Since I admit the above has little to do with real science and animal populations, here’s a thought about Groundhog Day:

Much as the DC Comics multiverse contains multiple teams of talking animals, Pennsylvania and New York have alternate (and today, disagreeing) weather-predicting groundhogs (Punxsutawney Phil and Staten Island Chuck, respectively), but Canada’s has in recent years been the source of greatest scandal, per its Wiki. entry:

> …Death and ensuing scandal

>

> The original Wiarton Willie lived to the advanced age of 22, and was found dead only two days before Groundhog Day in 1999. The organizers were unable to find a replacement, and instead marked Groundhog Day by revealing “Willie” in a coffin. He had been dressed in a tuxedo, had coins over his eyes, and a carrot between his paws. A scandal ensued when it transpired that the real Willie had in fact decomposed, and the body in the coffin was that of an older, stuffed groundhog. The Associated Press was obliged to issue a retraction on its wires.

>

> Wee Willie

>

> The new Wiarton Willie is also known as “Wee Willie,” and is another albino groundhog. There have actually been two Wee Willies — Wee Willie and Wee Willie 2 [the latter presumably hailing from Earth-2 -- TS]. The former was reported as deceased on July 11, 2006 after fighting an infection for the previous month.

Mitch Golden said...

It doesn’t aid the analysis if you insist on using contemporary categories to understand historical thought. The issue in the 19th century, as in the 1920s, as now, was not about the idea of natural selection as it applies to ideas of government or law, or even sociology. It was and is considered profoundly anti-religious (and, as a non-religious person, I tend to agree).

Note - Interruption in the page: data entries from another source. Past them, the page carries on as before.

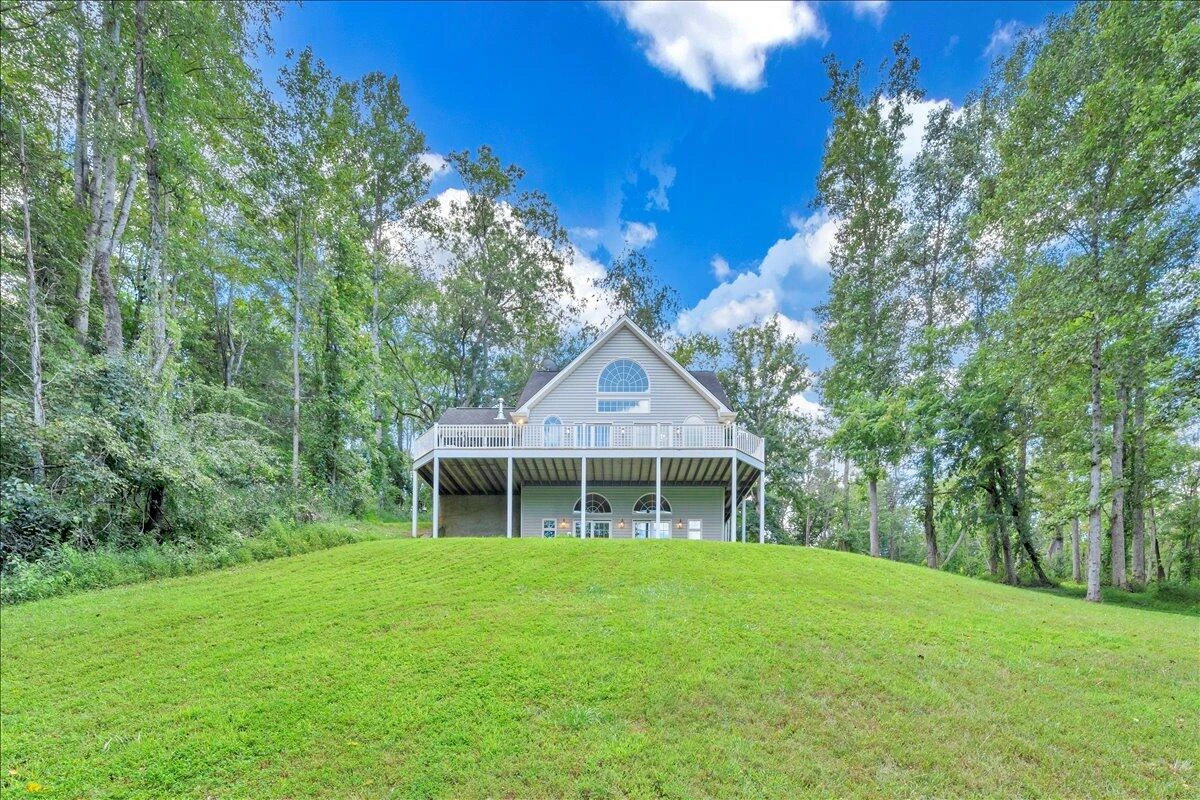 2011 Deepwoods RD - Photo 66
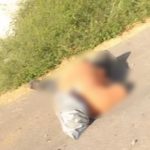 muerto en manzanillo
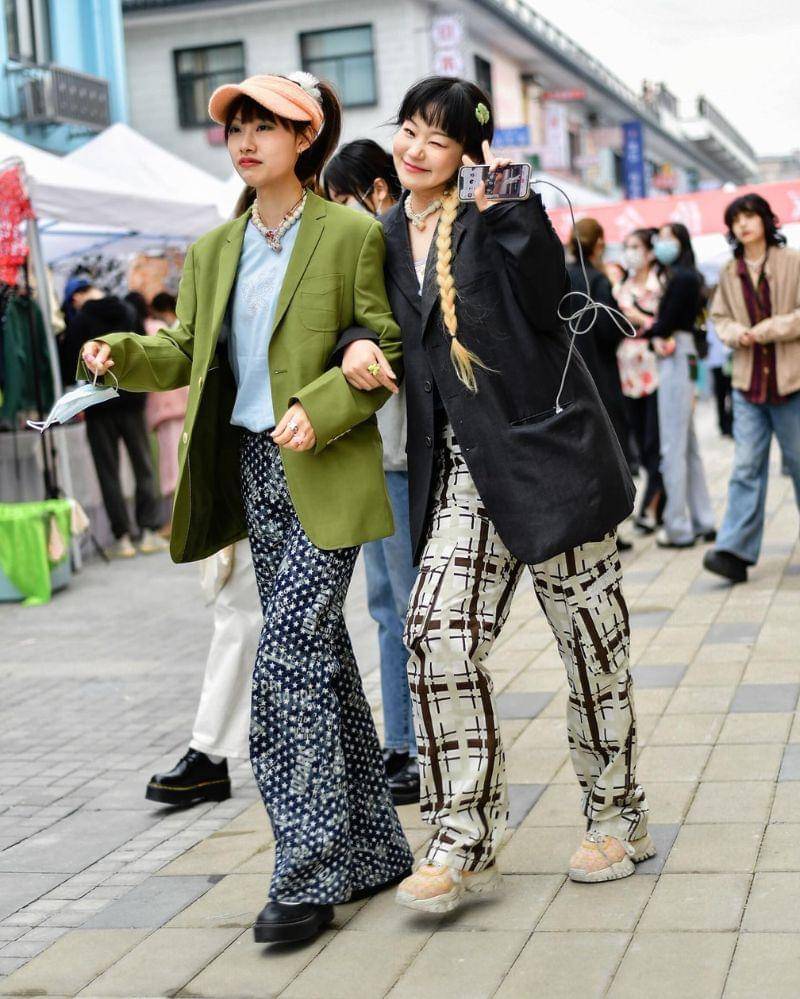 Instagram.com/menginchina1989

Nowadays the US Right contains a large component of fundamentalist Christians, and biblical literalists. That these people have migrated to the Right is a relatively recent phenomenon. Their philosophy has little if anything to do with the conservative Libertarian intellectuals you are quoting.

You must at least state the anti-evolutionists’ views correctly. They don’t have to believe that species are inherently immutable (as you said in an earlier post). They believe that the earth is 6000 years old. It takes a great deal of effort to ignore the overwhelming evidence to the contrary, but that is their position. Under such a circumstance, evolution is an impossibility.

But there is something that the contemporary Right overall has learned from its Christian component: an overall distrust of science, scientists, and intellectuals in general. This is one reason, for example, that surveys show that majorities of self-identified Republicans don’t believe that Global Warming is real.

In fact, I would say that the way you end your piece subtly underlines this trend: why should the Right care what some lit-crit professors are allegedly saying (you don’t actually cite any)? Is it really true that if the profs suddenly start disliking Darwin, folks on the Right would change their mind about evolution? It seems like an awfully superficial way to form opinions about a scientific theory, which, at least the way I was taught, was supposed to be supported with actual evidence, independent of who liked it and what it might imply by analogy about human affairs.

Todd Seavey said...

Right, the facts don’t hinge on ideologues’ reactions. Whether or not people are willing to apply facts’ implications far and wide — as evolutionary psychologists (sociobiologists) do — will depend partly on the facts’ political resonances, though, so I’m taking a look at them, very much in hopes that all parties will find they jibe with their intuitions, if their intuitions (not the facts) are only slightly jiggered. Wombat populations will still develop diabetes at the same rate regardless, of course.